Was ursprünglich für die Eierindustrie entwickelt und in Dresden erstmals für die Inventarisierung archäologischer Fundstücke entdeckt wurde, hat in Münster-Coerde eine ganz neue Bestimmung gefunden. „Wir können damit nicht nur die für die wissenschaftlich exakte Auswertung wertvoller archäologischer Fundplätze so wichtige Archivierung deutlich professionalisieren“, schildert der LWL-Chefarchäologe Prof. Dr. Michael M. Rind. „Wir bieten damit auch Menschen mit Handicap ganz neue berufliche Möglichkeiten.“ Zusammen mit dem LWL-Integrationsamt ist damit ein ungewöhnliches Pilotprojekt wahr geworden.
Denn die Beschriftungsmaschine wird von vier neuen Mitarbeiterinnen und Mitarbeitern bedient, die aufgrund unterschiedlicher Beeinträchtigungen beruflich eingeschränkt sind. Das LWL-Integrationsamt Westfalen hat die Einrichtung der Arbeitsplätze erheblich unterstützt. Mittels einer betrieblichen Arbeitstrainingsmaßnahme lernen sie gerade die Maschine, ihre Funktionsweise und Eigenheiten kennen. Gemeinsam mit ihrer Arbeitstrainerin entwickeln sie die optimalen Arbeitsabläufe von der Vorbereitung der Fundstücke mit Klarlack über die eigentliche Beschriftung bis zur Archivierung. Mehr noch: „Es steht auch eine Besichtigung einer Ausgrabung auf dem Programm, und wir haben die gesamten Schritte von der Ausgrabung bis zur wissenschaftlichen Auswertung bereits kennen gelernt“, erzählt eine aus dem neuen.

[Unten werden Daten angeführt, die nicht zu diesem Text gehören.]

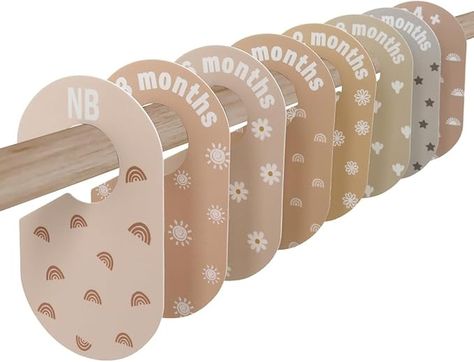 Amazon.com: eoscasely Baby Closet Divider, Baby Wardrobe Organizer, Double-Sided Minimalist Cute Design, Nursery Decor Clothes Hanger Dividers for Sorting 8 Sizes from Newborn to 12+ Months : Baby Hanger Dividers, Clothing Organization, Baby Closet Organization, Groomsmen Proposal Gifts, Wardrobe Organizer, Baby Closet Dividers, Baby Wardrobe, Groomsmen Gift Set, Closet Dividers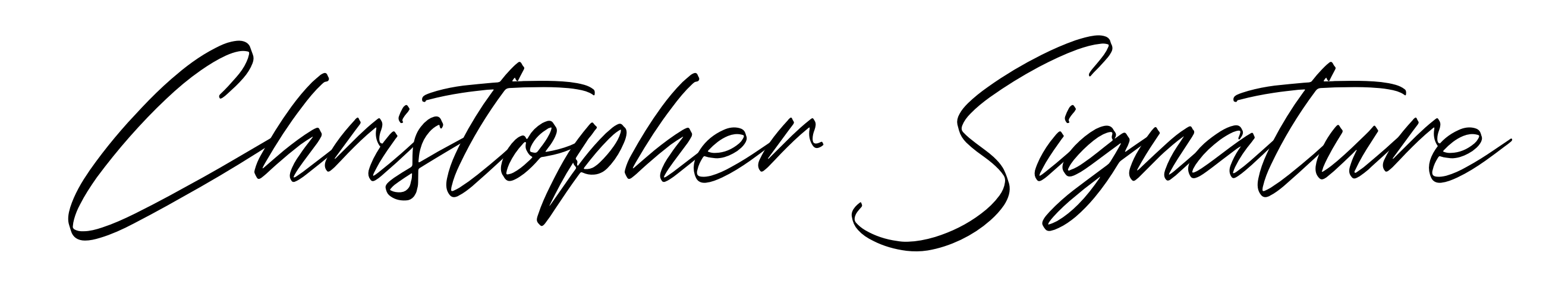 Christopher Signature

Petra Hardt war zuvor Amtsbotin und hatte noch nie in ihrem Leben mit archäologischen Funden zu tun. „Das ist viel spannender“, meint sie, „man sieht hier direkt, was man getan hat.“ Sie komme seit einer Woche „mit einem Lachen zu Arbeit“, weil sie sich hier rundum wohl fühle. „Wir haben uns vom ersten Tag an so angenommen gefühlt, als ob wir schon immer hier arbeiten würden“, sagt die 42-Jährige. Auch Jens Christophel ist fasziniert von seiner neuen Aufgabe. „Das gefällt mir viel besser als meine bisherigen Tätigkeiten.“ Heike Paroglou, die heute den PC bedient und mit einem Fußpedal die Beschriftung in Gang setzt, ist begeistert: „Wir sind hier ein richtig gutes Team, und wir haben das Gefühl, voll und ganz integriert zu werden.“
„Von der Ausgrabung bis zur Auswertung ist es wichtig, dass die Funde in ihrem Gesamtzusammenhang vereint bleiben“, schildert Dr. Birgit Mecke vom Zentralen Fundarchiv. „Denn der Zusammenhang gibt wertvolle Aufschlüsse über den eigentlichen Fundort und die Bedeutung der eigentlichen Funde.“ Klaus Sundermann betreut das neue Team für die Zentralen Dienste der LWL-Archäologie für Westfalen.
Für Werner Hardt (46) ist die neue Beschäftigung viel mehr als eine neue berufliche Aufgabe. „Man sieht auch die Funde, die man sonst nur in den Museen hinter Vitrinen kennt, jetzt mit ganz anderen Augen“, sagt er. „Nun haben wir uralte Dinge, die für Menschen vor vielen Jahrhunderten Alltagsgegenstände waren, selbst in der Hand, können fühlen, wie sie beschaffen sind – das ist ganz großartig“, schildert er.